Oaxacan Indigenous Languages
Linguists recognize 16 separate languages spoken in Oaxaca today. Experts identify each of them with one of five language families. North American language family names are conventionally derived by combining the names of the northernmost and southernmost languages of the group. Thus, Otomanguean, Oaxaca’s most widespread language family, derives its label from Otomi, spoken northwest of Mexico City, and Mangue, spoken in southeast Mexico. All of Oaxaca’s native language speakers occupy pretty much the same territories that they did at the time of the conquest. The Otomanguean, by location, moving generally west to east, are: Amusgo, Chatino, Trique, Mixtec, Chocho, Ixcatec, Popoluca, Cuicatec, Mazatec, Chinantec, and Zapotec. A language pair of eastern Oaxaca, Mixe (MEE-shay) and Zoque (SOH-kay), probably distantly related to Mayan dialects, are often lumped into a second family, the Mixe-Zoque family. Three other languages are the only representatives of their respective families. Nahuatl (the language of the Aztecs) of the Uto-Aztecan family; Chontal, of the Hokan-Coahuiltecan family; and Huave, of its own family, Huave.
Understanding in Oaxaca is further complicated by a proliferation of dialects. Mixtec speakers from Jamiltepec, on the Pacific coast, for example, do not generally comprehend the Mixtec dialect of a town, such as Tlaxiaco, across half a dozen ridges 100 miles away. The same is true for Oaxaca’s other major languages—Zapotec, Mazatec, Chinantec, and Mixe—and to a lesser degree, for the minor languages.

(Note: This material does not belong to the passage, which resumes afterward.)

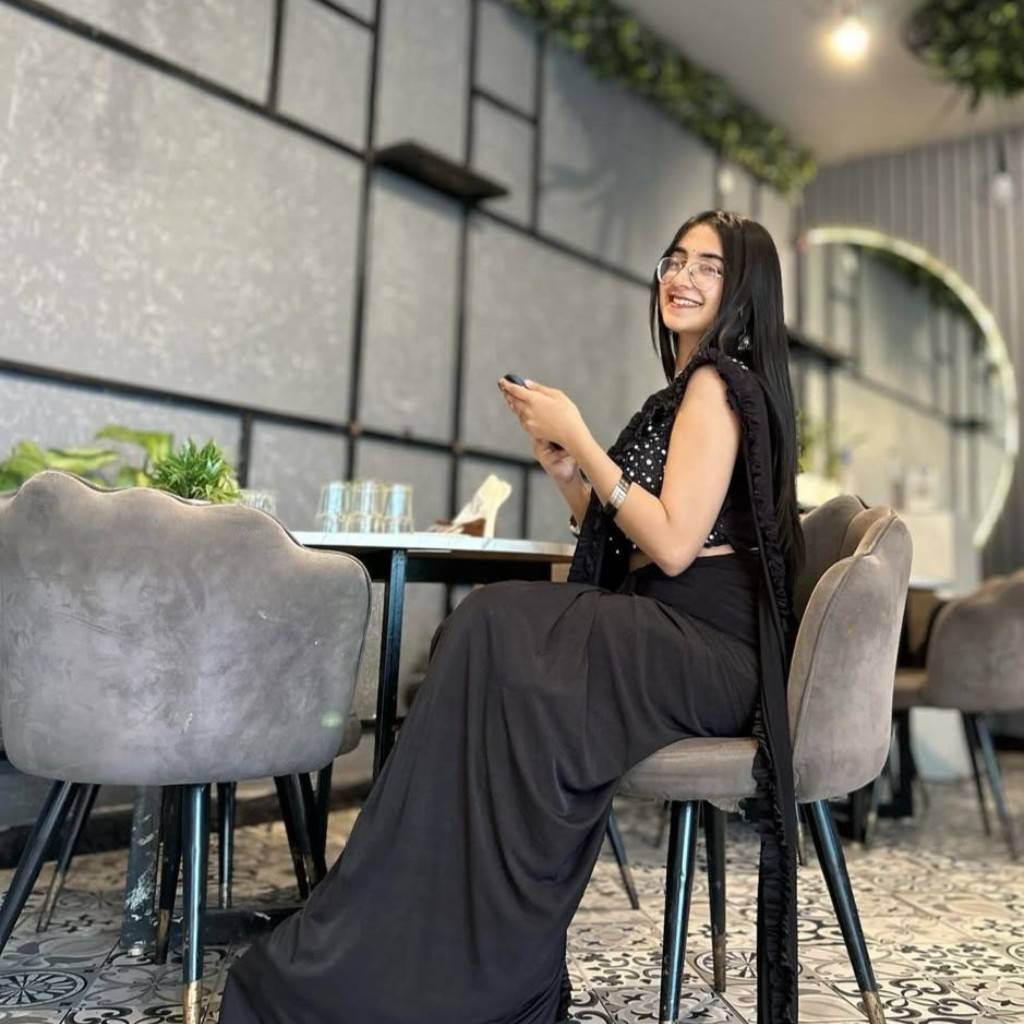 Kashish Budhani Official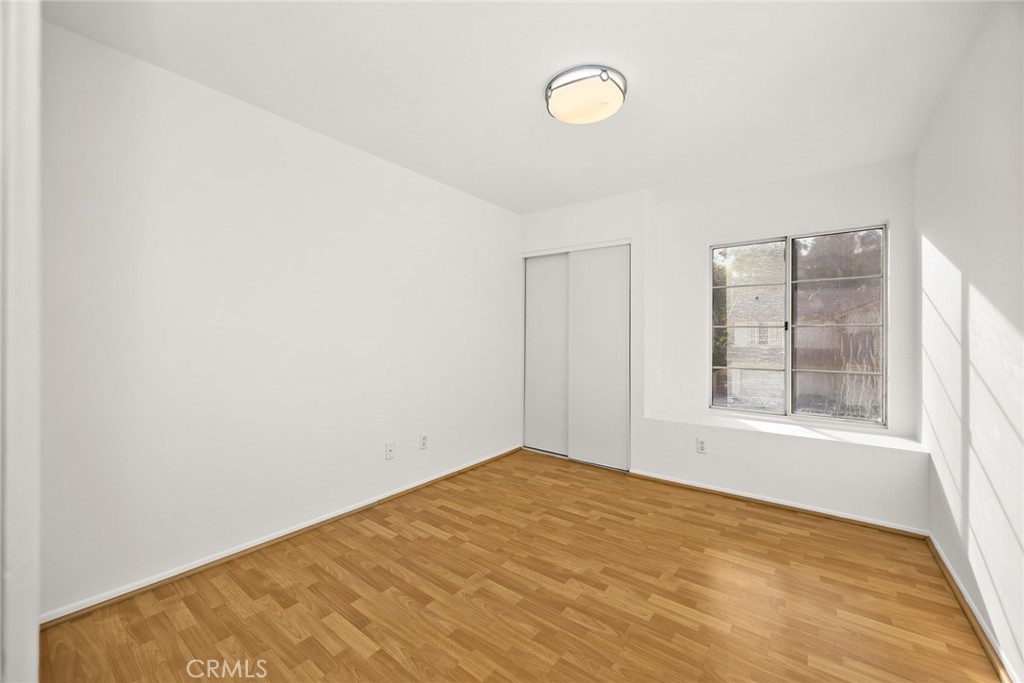 MLS #WS25265828 image #23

Few nonindigenous people, whether foreigners or Mexican, have made the intense effort required to speak and understand a Oaxacan native language. All of the Otomanguean languages, like the Chinese dialects, are tonal. This means that a given word takes on different meanings depending upon the pitch—low, high, rising, or falling—with which it is enunciated. Consequently, in big market towns, Spanish is often the lingua franca of buying and selling. Nevertheless, at many country markets, aware visitors notice many people, usually older folks, who speak no Spanish at all.
Please take note that the Spanish names for the Zapotec, Mixtec, Mazatec, and Chinantec languages are Zapoteco, Mixteco, Mazateco, and Chinanteco, while the respective home territories of each group are the Zapoteca, Mixteca, Mazateca, and Chinantla.